Still, the health benefits of getting rid of lead paint have been striking, especially among poorer residents. In 2003, the number of children suffering from lead poisoning in Massachusetts was less than a third of the number eight years earlier. Robert Madden, a Dorchester deleading contractor, said more landlords, hoping to attract tenants, have deleaded as the rental real estate market has slowed.
Lead paint is still a particularly thorny problem in Massachusetts, which has the country's second-oldest housing stock. More than two-thirds of the housing was built before 1970, when lead paint was still widely used. The problem is not new. State officials first considered restrictions on the use of lead paint in homes in 1933, but were convinced to drop the effort by industry representatives, according to research by Richard Rabin, an advocate for lead-paint removal activist groups.

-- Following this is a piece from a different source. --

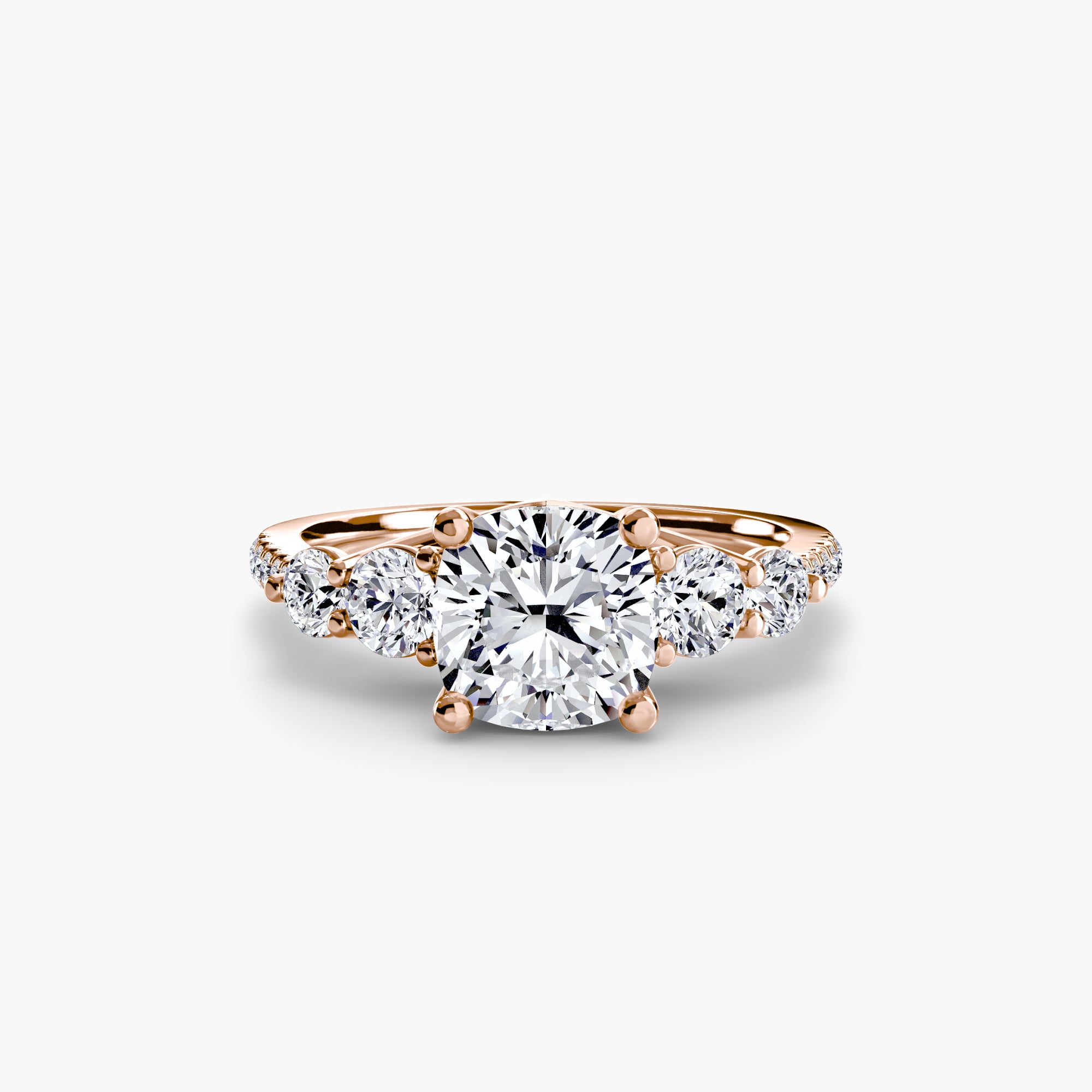 Anello con Cinque Pietre e Fascia Pavé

In Massachusetts, a state law passed more than 30 years ago says that children under 6 years old cannot live in apartments that contain lead paint on certain high-risk surfaces, such as windowsills and baseboards. And if children suffer lead poisoning, landlords are legally liable. But state law also clearly says that landlords cannot discriminate against families with young children because their apartments are not deleaded. The only way landlords can comply with the law is to delead their apartments, a process that can easily cost $10,000 per unit. (There are some exceptions: Landlords who live in the building and rent out only one other unit, as well as some elderly landlords, are allowed to refuse families with children.)
"Most people don't do this voluntarily," John MacIsaac, president of ASAP Environmental, said of the deleading process. He estimates that he has inspected 19,000 houses for lead paint, including many in Boston. "It tends to cost a few dollars."

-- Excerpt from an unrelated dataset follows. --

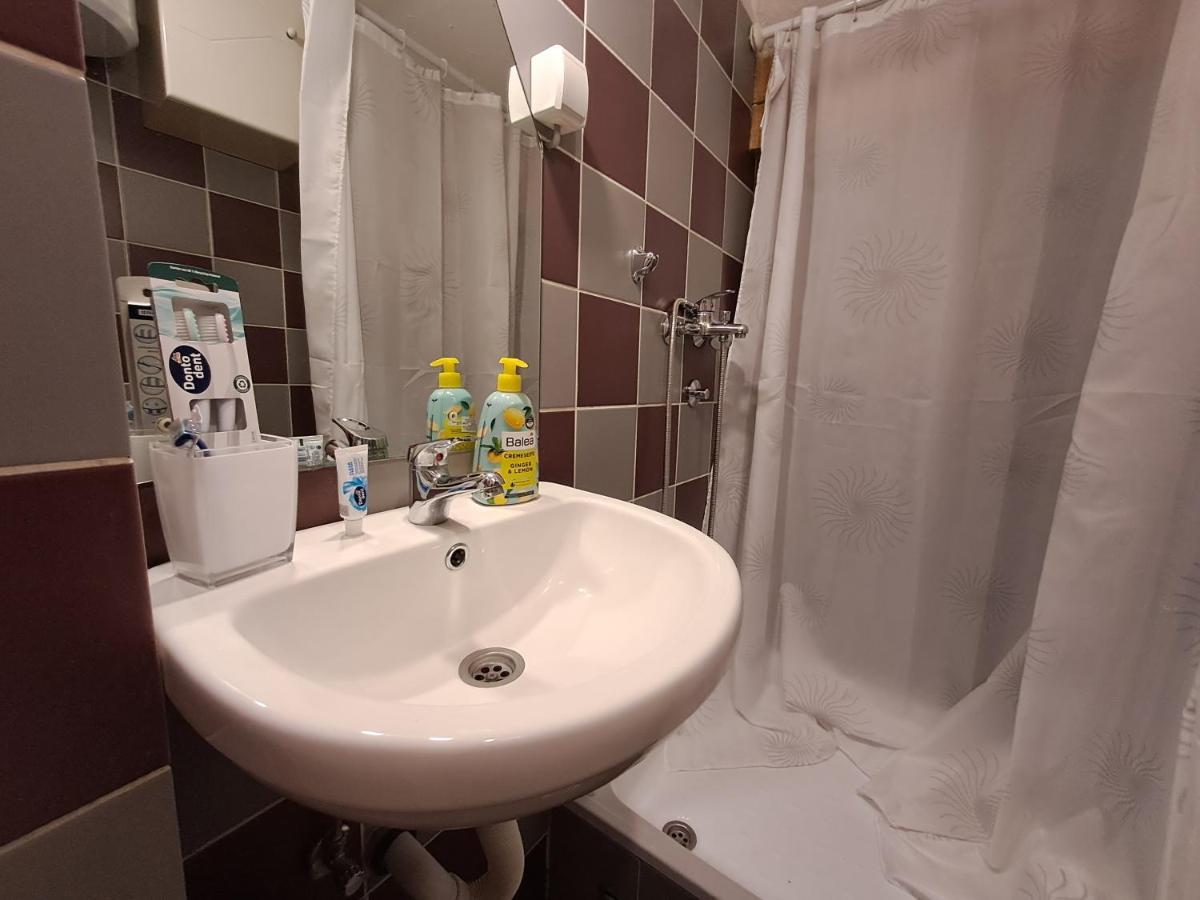 Ferienwohnung Sofi Ni Exterior foto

Grants and low- or no-interest loans are available to property owners; landlords who delead also get a $1,500 tax credit. But the burden can still be heavy.
"A lot of landlords are having a difficult time funding deleading a unit," said Allen Hebert, with the Massachusetts Rental Housing Association. "It's a big task. It also indirectly drives up the cost of housing."
A quick spin through apartment ads makes clear that some landlords advertise illegally that children are not welcome. Last week, the owner of a $1,500 two-bedroom rental in the "safest neighborhood in East Boston" added on his Craigslist entry: "Not a good family environment. The apartment has lead paint..." The owner of a $1,600 three-bedroom apartment in West Roxbury wrote: "Has NOT been tested for lead paint."
In January, the owner of a two-bedroom in Hyde Park said the "unit is not deleaded and would not work out with children under 6." The problem is not limited to the city. An ad for a $1,700 carriage house in Wellesley included this line: "The house is not deleaded so no children."
So where are families with children supposed to live? As we searched for housing, one realtor told my husband simply that the law says the apartment we were calling about could not be rented to anyone with young children because it had lead paint. He neglected to mention that the law prohibits discrimination.
Still, our story had a happy ending. We found a wonderful deleaded apartment -- only one of two we saw in our price range after weeks of intense searching -- in a quiet Cambridge neighborhood.
For other families, the ending isn't so sweet. "It creates a problem where sometimes families are forced to choose," said Ryan Torres, executive director of the Lead Action Collaborative in Dorchester. "Maybe they take an unsafe place. We need to change that."